- _Exercise_
Repeat every record exactly, but keep images out of the copy.

(Data extracted from a collection)
------------------------------------
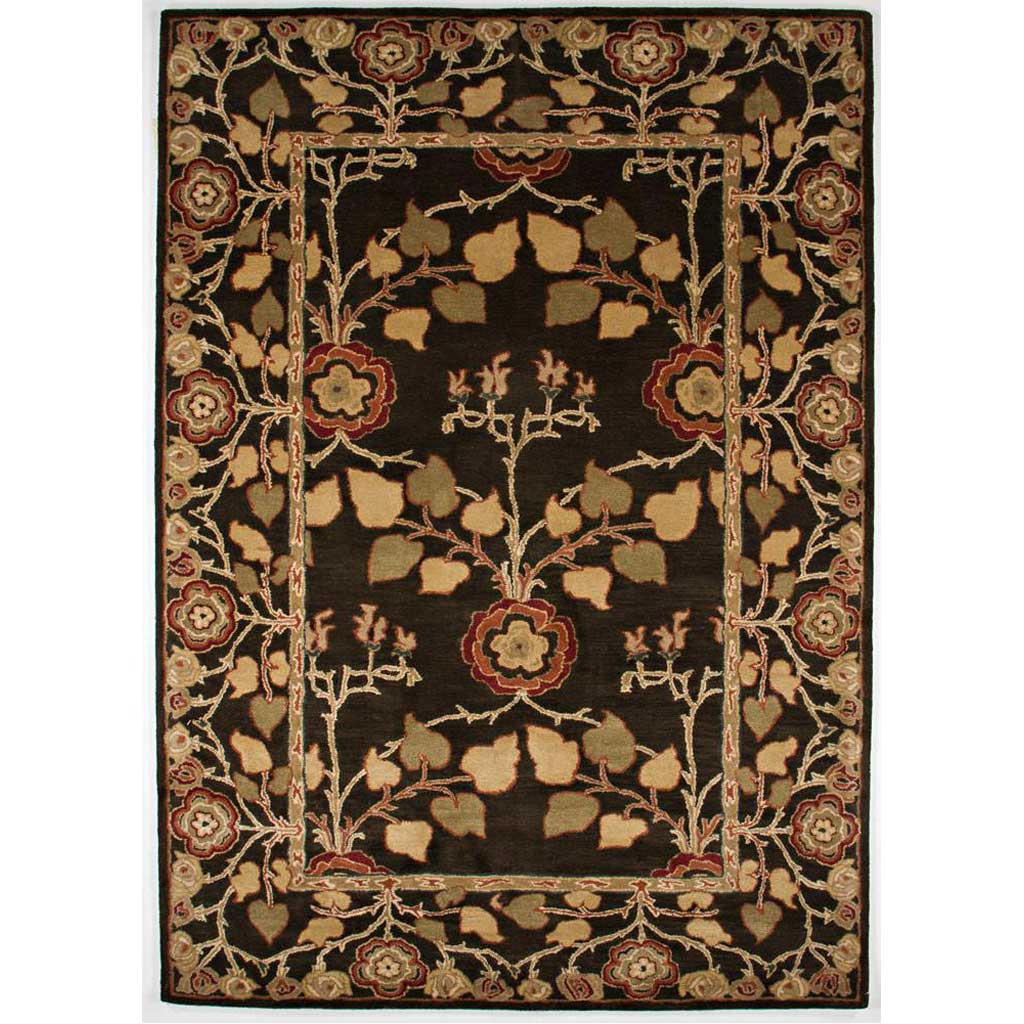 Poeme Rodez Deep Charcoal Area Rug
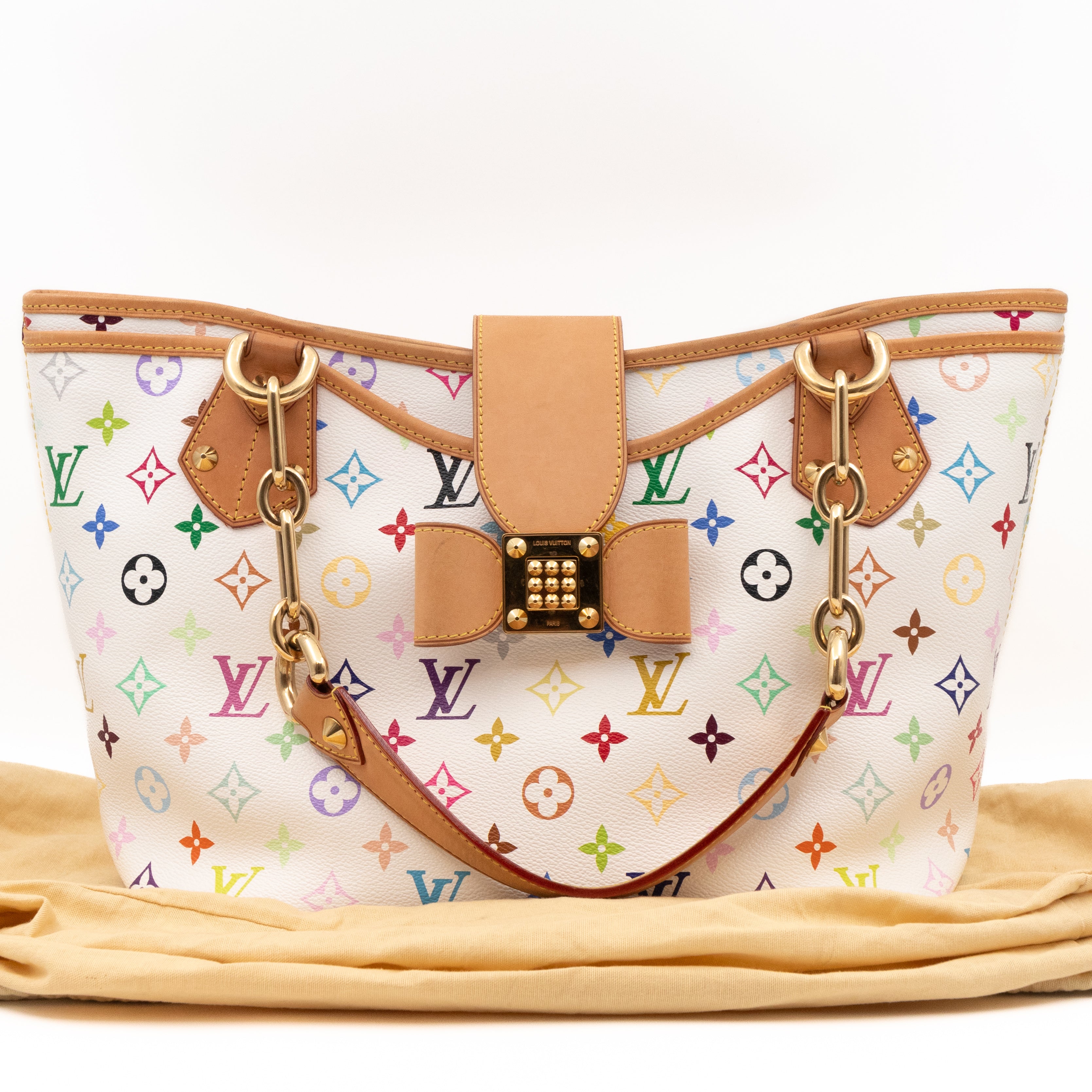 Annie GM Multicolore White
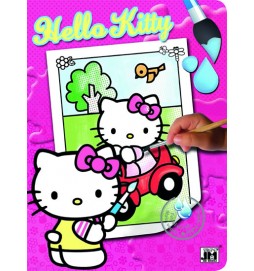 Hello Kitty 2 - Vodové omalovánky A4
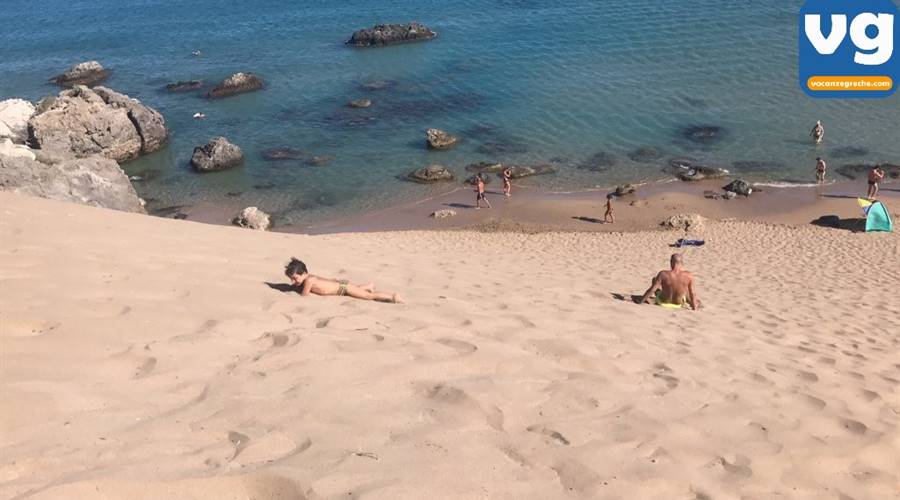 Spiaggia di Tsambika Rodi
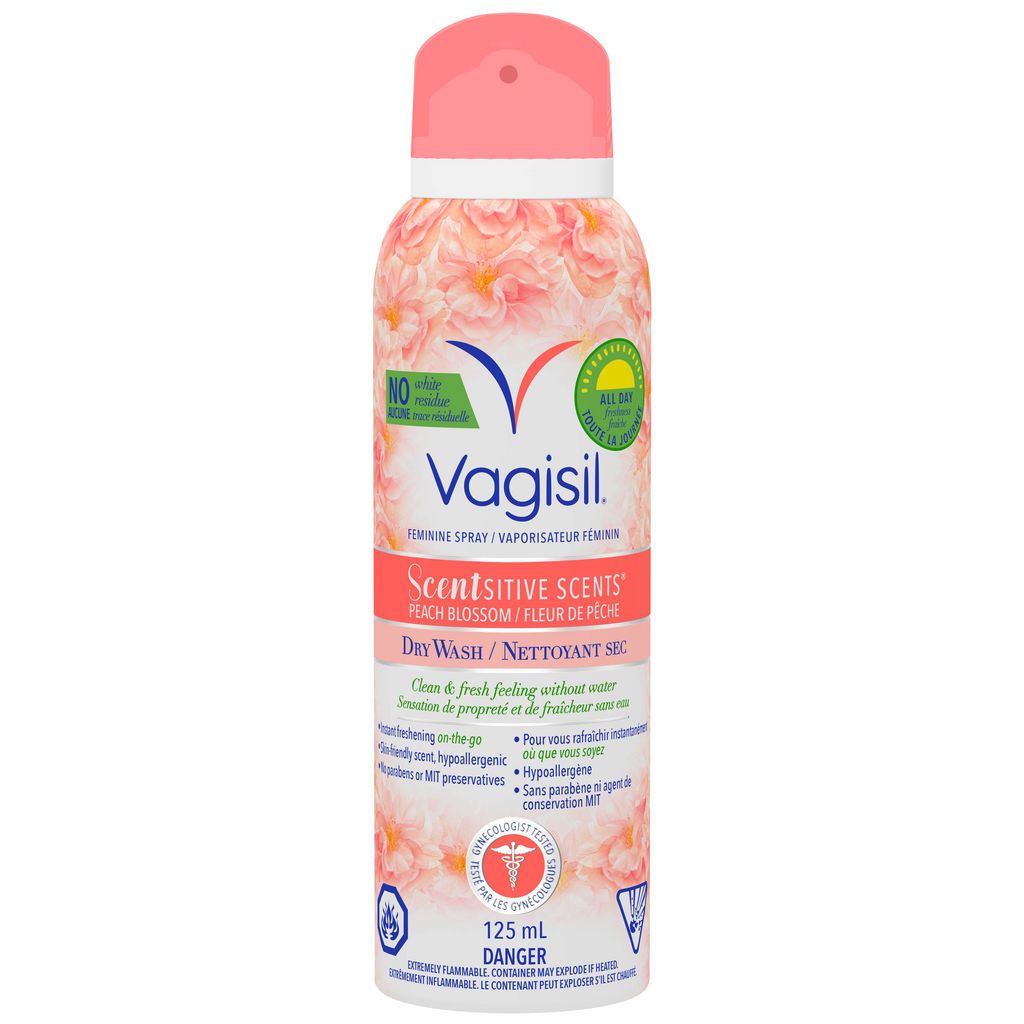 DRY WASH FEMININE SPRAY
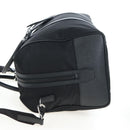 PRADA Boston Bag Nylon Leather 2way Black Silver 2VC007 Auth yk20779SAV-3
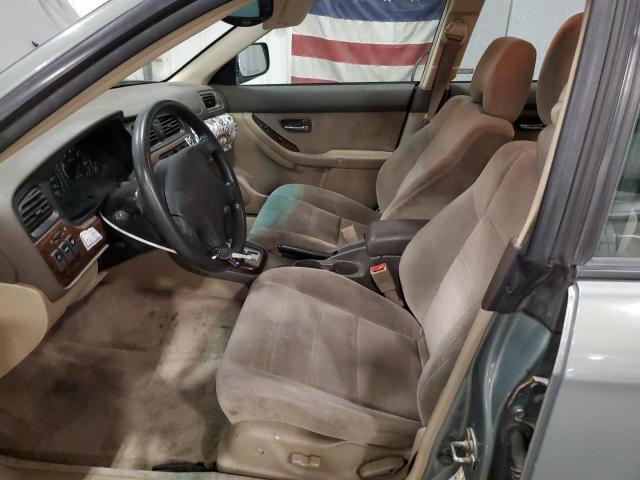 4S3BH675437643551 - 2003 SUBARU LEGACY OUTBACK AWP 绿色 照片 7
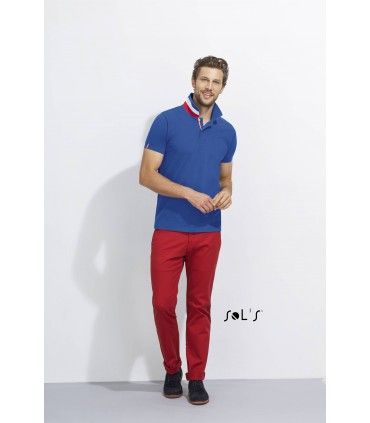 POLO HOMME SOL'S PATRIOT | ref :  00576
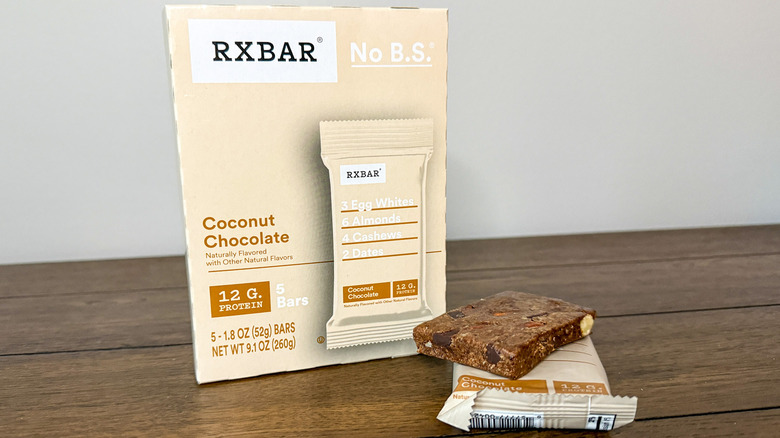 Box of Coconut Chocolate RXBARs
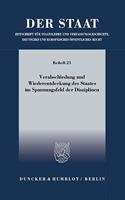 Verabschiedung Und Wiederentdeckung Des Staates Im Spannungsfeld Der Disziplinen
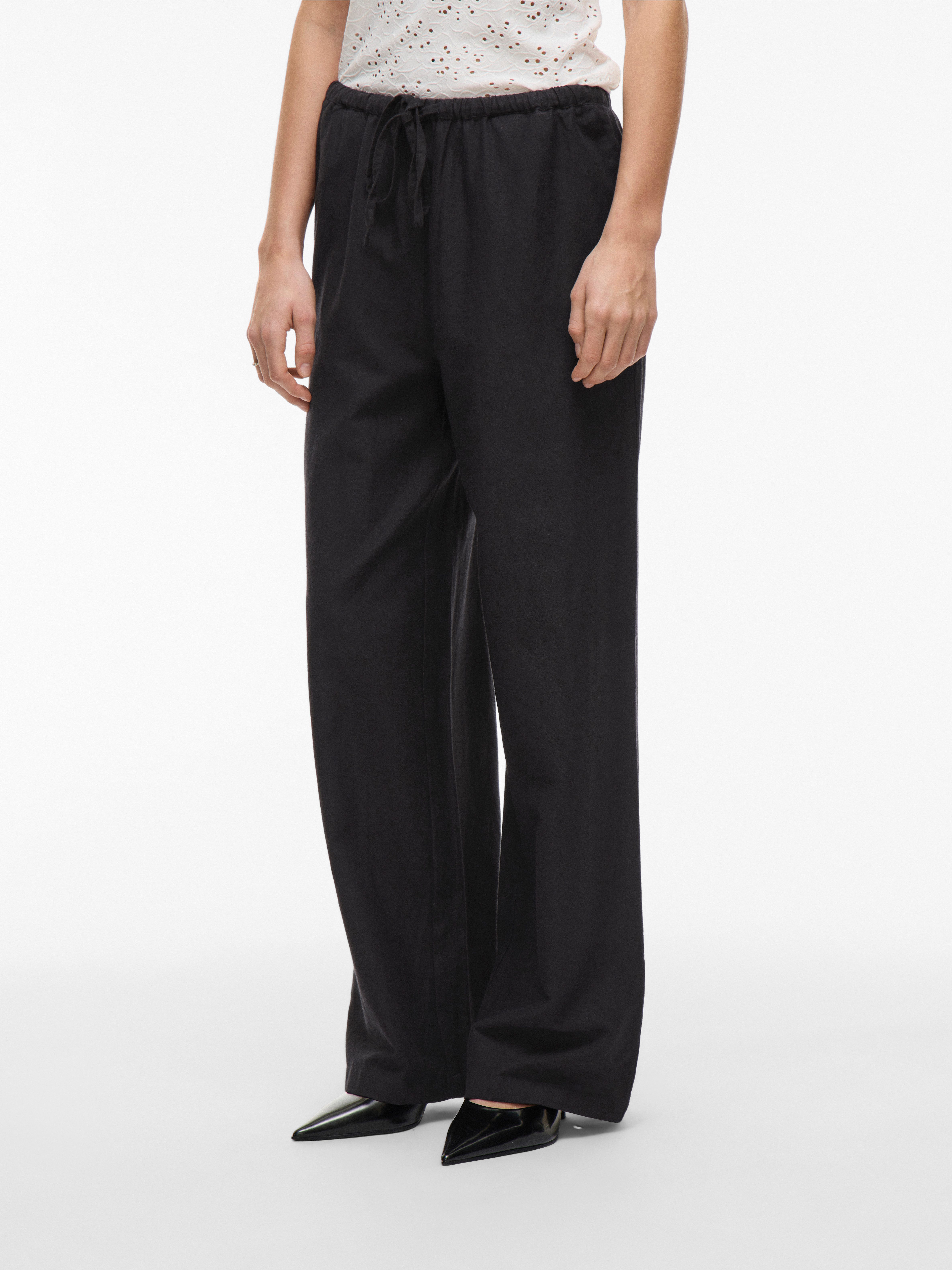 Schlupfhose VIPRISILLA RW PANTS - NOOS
------------------------------------
- _Exercise response_
 Poeme Rodez Deep Charcoal Area Rug
 Annie GM Multicolore White
 Hello Kitty 2 - Vodové omalovánky A4
 Spiaggia di Tsambika Rodi
 DRY WASH FEMININE SPRAY
 PRADA Boston Bag Nylon Leather 2way Black Silver 2VC007 Auth yk20779SAV-3
 4S3BH675437643551 - 2003 SUBARU LEGACY OUTBACK AWP 绿色 照片 7
 POLO HOMME SOL'S PATRIOT | ref :  00576
 Box of Coconut Chocolate RXBARs
 Verabschiedung Und Wiederentdeckung Des Staates Im Spannungsfeld Der Disziplinen
 Schlupfhose VIPRISILLA RW PANTS - NOOS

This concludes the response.